● Action item
The records below are to be repeated exactly, and their pictures left out.
•••••
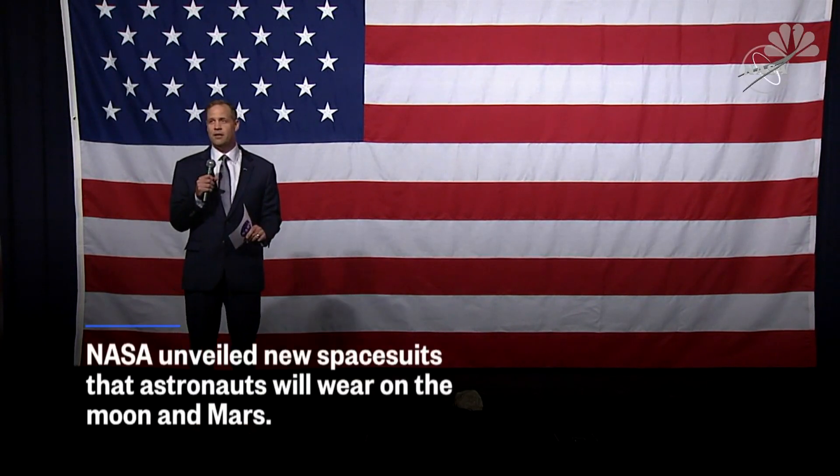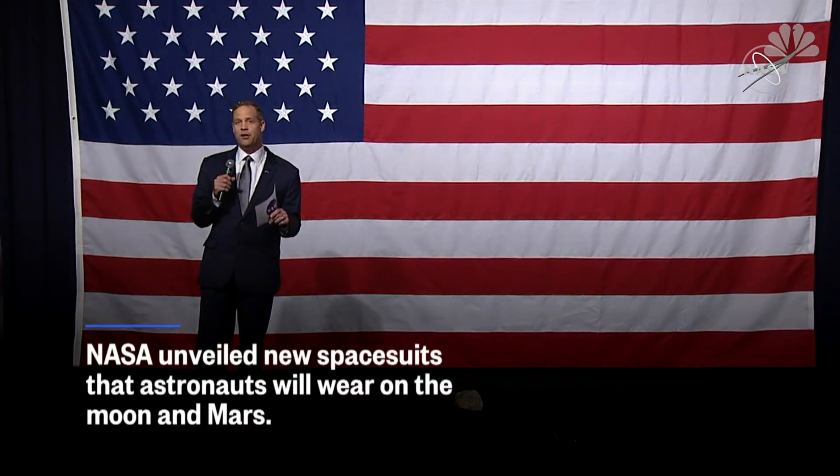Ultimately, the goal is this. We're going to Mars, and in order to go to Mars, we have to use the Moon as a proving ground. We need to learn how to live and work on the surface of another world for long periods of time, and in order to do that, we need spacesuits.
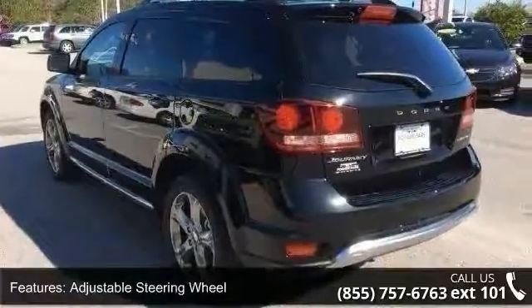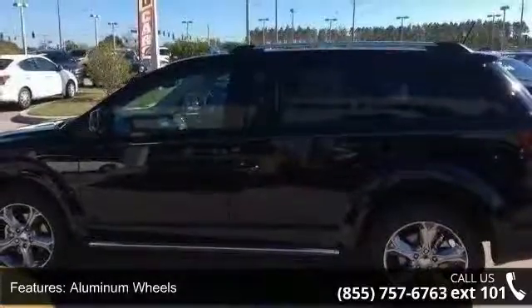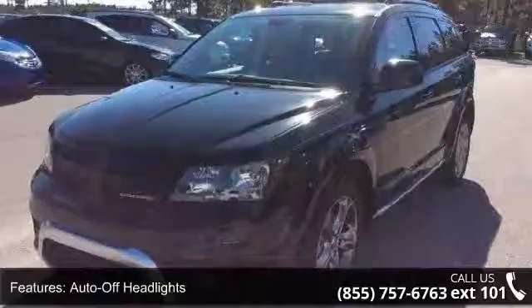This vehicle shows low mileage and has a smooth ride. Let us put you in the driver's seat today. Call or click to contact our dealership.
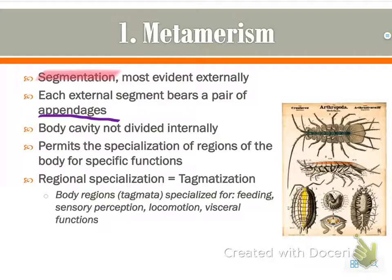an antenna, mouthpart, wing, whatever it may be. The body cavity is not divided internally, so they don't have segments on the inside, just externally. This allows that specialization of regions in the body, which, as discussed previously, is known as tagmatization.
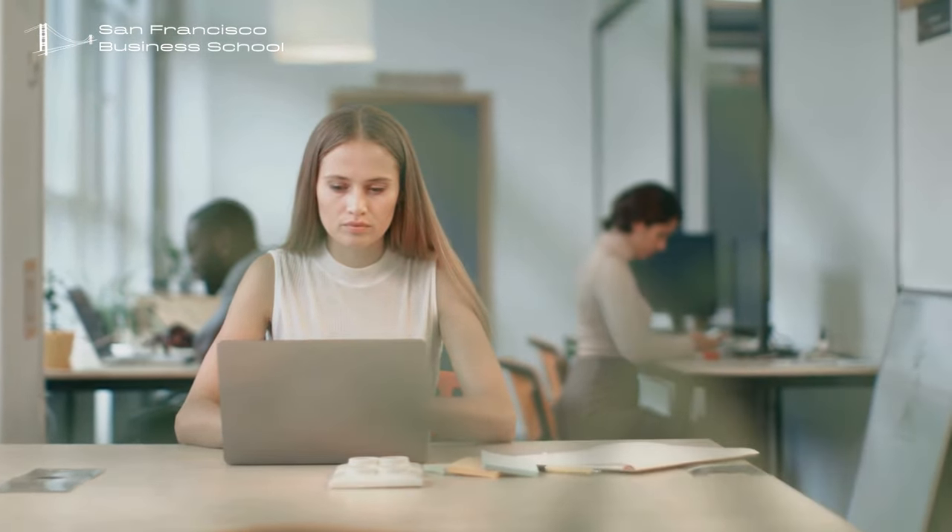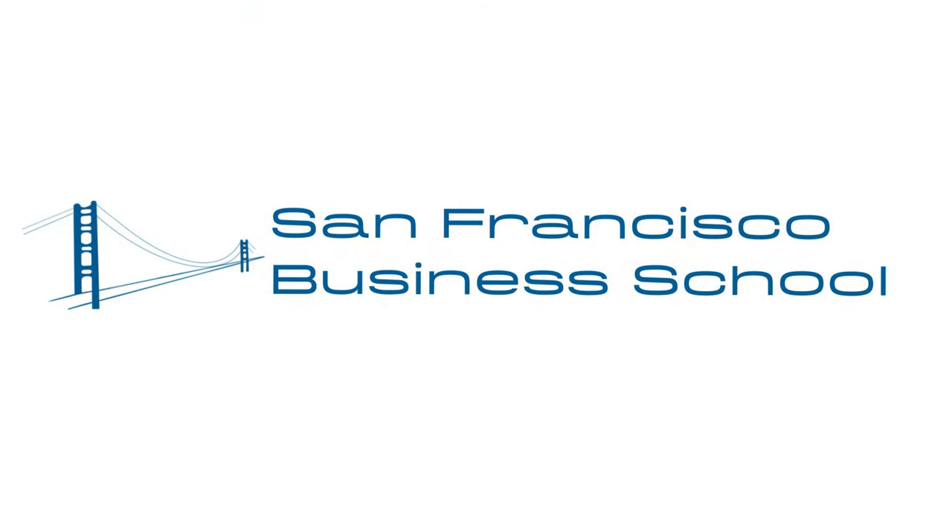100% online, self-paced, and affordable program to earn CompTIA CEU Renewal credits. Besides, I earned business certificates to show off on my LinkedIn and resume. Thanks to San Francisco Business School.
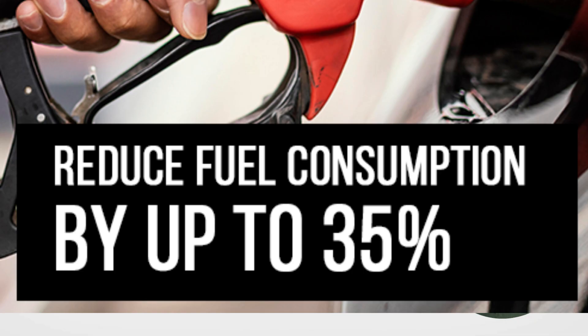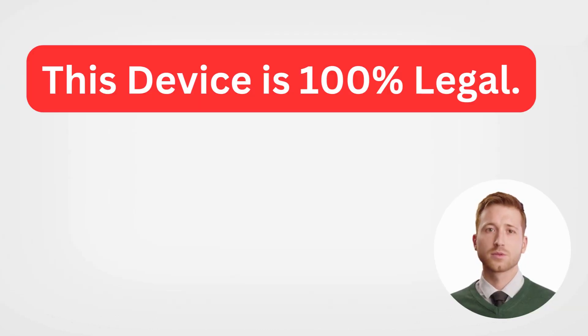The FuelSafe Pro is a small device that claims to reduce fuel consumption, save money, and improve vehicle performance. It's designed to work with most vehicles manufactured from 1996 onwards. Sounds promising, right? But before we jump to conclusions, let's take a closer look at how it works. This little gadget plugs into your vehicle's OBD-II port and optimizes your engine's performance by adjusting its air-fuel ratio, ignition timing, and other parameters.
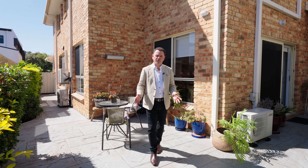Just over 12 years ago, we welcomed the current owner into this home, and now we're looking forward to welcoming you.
•••••
● Task response
Ultimately, the goal is this. We're going to Mars, and in order to go to Mars, we have to use the Moon as a proving ground. We need to learn how to live and work on the surface of another world for long periods of time, and in order to do that, we need spacesuits.
This vehicle shows low mileage and has a smooth ride. Let us put you in the driver's seat today. Call or click to contact our dealership.
an antenna, mouthpart, wing, whatever it may be. The body cavity is not divided internally, so they don't have segments on the inside, just externally. This allows that specialization of regions in the body, which, as discussed previously, is known as tagmatization.
100% online, self-paced, and affordable program to earn CompTIA CEU Renewal credits. Besides, I earned business certificates to show off on my LinkedIn and resume. Thanks to San Francisco Business School.
The FuelSafe Pro is a small device that claims to reduce fuel consumption, save money, and improve vehicle performance. It's designed to work with most vehicles manufactured from 1996 onwards. Sounds promising, right? But before we jump to conclusions, let's take a closer look at how it works. This little gadget plugs into your vehicle's OBD-II port and optimizes your engine's performance by adjusting its air-fuel ratio, ignition timing, and other parameters.
Just over 12 years ago, we welcomed the current owner into this home, and now we're looking forward to welcoming you.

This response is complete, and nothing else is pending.